Hollow avoids using POJOs as an in-memory representation — instead replaces them with compact, fixed-length, strongly typed data encryption. Such encryption is intended both to minimize the amount of dynamic memory of data sets, and to reduce the fraction of the cost associated with the CPU, while providing access to data in real time. All encrypted entries are packed into reusable memory blocks, which are located in the JVM heap to prevent an impact on the operation of automatic memory management on working servers.

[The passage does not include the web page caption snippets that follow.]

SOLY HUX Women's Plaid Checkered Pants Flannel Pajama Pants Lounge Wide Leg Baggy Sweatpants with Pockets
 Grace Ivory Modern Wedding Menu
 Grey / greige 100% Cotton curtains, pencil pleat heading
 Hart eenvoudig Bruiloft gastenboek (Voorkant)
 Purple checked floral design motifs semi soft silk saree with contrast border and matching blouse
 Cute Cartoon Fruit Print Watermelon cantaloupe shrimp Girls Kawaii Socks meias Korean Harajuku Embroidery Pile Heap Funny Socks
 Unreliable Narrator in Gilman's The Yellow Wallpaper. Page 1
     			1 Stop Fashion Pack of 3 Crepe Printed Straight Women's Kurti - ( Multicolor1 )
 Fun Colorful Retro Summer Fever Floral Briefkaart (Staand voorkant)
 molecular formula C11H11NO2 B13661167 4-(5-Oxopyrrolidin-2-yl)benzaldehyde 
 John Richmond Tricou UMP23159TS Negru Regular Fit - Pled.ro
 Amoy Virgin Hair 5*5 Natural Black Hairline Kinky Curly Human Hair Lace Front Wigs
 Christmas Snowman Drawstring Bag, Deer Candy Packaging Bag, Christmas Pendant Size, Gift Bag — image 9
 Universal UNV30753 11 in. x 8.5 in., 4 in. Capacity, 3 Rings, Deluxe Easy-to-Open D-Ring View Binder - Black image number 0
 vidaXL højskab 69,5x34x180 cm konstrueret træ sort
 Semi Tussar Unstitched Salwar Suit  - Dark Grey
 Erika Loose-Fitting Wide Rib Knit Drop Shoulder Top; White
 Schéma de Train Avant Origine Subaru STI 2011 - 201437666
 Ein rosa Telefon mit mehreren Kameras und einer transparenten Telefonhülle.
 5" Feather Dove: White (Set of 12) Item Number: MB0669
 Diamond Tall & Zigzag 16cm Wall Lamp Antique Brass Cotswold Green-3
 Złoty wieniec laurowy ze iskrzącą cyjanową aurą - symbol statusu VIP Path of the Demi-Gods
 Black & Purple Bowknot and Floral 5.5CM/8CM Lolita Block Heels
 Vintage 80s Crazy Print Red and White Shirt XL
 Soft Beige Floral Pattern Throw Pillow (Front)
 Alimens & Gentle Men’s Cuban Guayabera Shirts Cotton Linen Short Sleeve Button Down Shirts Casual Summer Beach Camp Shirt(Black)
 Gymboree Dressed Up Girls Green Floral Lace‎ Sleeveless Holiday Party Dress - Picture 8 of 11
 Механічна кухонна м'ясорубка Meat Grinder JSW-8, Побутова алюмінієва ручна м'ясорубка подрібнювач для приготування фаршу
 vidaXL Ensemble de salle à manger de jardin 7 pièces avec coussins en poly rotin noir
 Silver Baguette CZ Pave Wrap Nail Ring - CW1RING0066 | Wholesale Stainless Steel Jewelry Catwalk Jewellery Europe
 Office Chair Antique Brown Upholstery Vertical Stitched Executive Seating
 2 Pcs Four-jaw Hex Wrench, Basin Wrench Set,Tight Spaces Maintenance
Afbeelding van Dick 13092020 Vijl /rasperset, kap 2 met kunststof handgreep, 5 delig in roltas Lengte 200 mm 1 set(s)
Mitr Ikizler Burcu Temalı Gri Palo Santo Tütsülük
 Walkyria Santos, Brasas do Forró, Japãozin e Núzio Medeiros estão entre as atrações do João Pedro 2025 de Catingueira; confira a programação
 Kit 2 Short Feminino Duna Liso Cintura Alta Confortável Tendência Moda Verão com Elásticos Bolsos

Example of location in the memory of OBJECT recordsHollow data sets are self-contained - for a serialized blob, in order for the blob to be used by the framework, maintenance is not required from the code specific to the use case. Additionally, Hollow is designed
with backward compatibility , so deployment can occur less frequently.
"The ability to build powerful access systems , regardless of whether they were originally intended to develop a data model."
Since Hollow is completely built on RAM, the toolkit can be implemented provided that random access across the entire width of the data set can be performed without leaving the Java heap. A lot of
off-the-shelf tools are part of Hollow, and building your own tools thanks to the basic building blocks provided by the library is simple.
The basis for using Hollow is the concept of
indexing data in
various ways . This provides O (1) -access to the corresponding records in the data, which makes it possible to build powerful access systems regardless of whether they were originally intended for the development of the data model.
Benefits
The Hollow toolkit is easy to install and has intuitive controls. You will be able to understand in your data some aspects of which you did not even suspect.
The change tracking tool allows you to track the change of certain records in time.Hollow can enhance your capabilities. If something in a record seems to be wrong, you can find out exactly what happened and when, using a simple query in the change tracking tool. If an accident occurs and an improper data set is accidentally released, then your data set can be
rolled back to the one before the error, fixing production problems on their paths. Since the transition between states occurs quickly, this action can produce results on the entire fleet of vehicles in a few seconds.
“If your data resides permanently in Hollow, then many possibilities appear.”
Hollow proved to be an extremely useful tool on Netflix - we saw a ubiquitous decrease in server startup times and a decrease in the amount of dynamic memory occupied with constantly increasing demand for metadata. Thanks to targeted data modeling efforts, carried out according to the results of detailed
analysis of dynamic memory usage , which became possible with the advent of Hollow, we will be able to further improve performance.
In addition to the performance gain, we see a huge performance increase related to the distribution of our catalog data. This is due in part to the tools that Hollow has, and in part to the architecture that would have been impossible without it.
Conclusion
Wherever we see a problem, we see that it can be solved with Hollow. Today, Hollow is available for worldwide use.
Hollow is not designed to work with data sets of any size. If there is a lot of data, then saving the entire set of data in memory is not possible. However, with proper structure and some data modeling, this threshold can be much higher than you think.
Documentation is available at
http://hollow.how , and the code is on
GitHub . We recommend that you refer to the
quick start guide - it only takes a few minutes to view the demo and see the work, and it takes about an hour to become familiar with the full industrial implementation of Hollow. After that, you can connect your data model and - go ahead.
If you started working, you can get help directly from us or from other users via
Gitter or Stack Overflow, by placing the label “hollow”.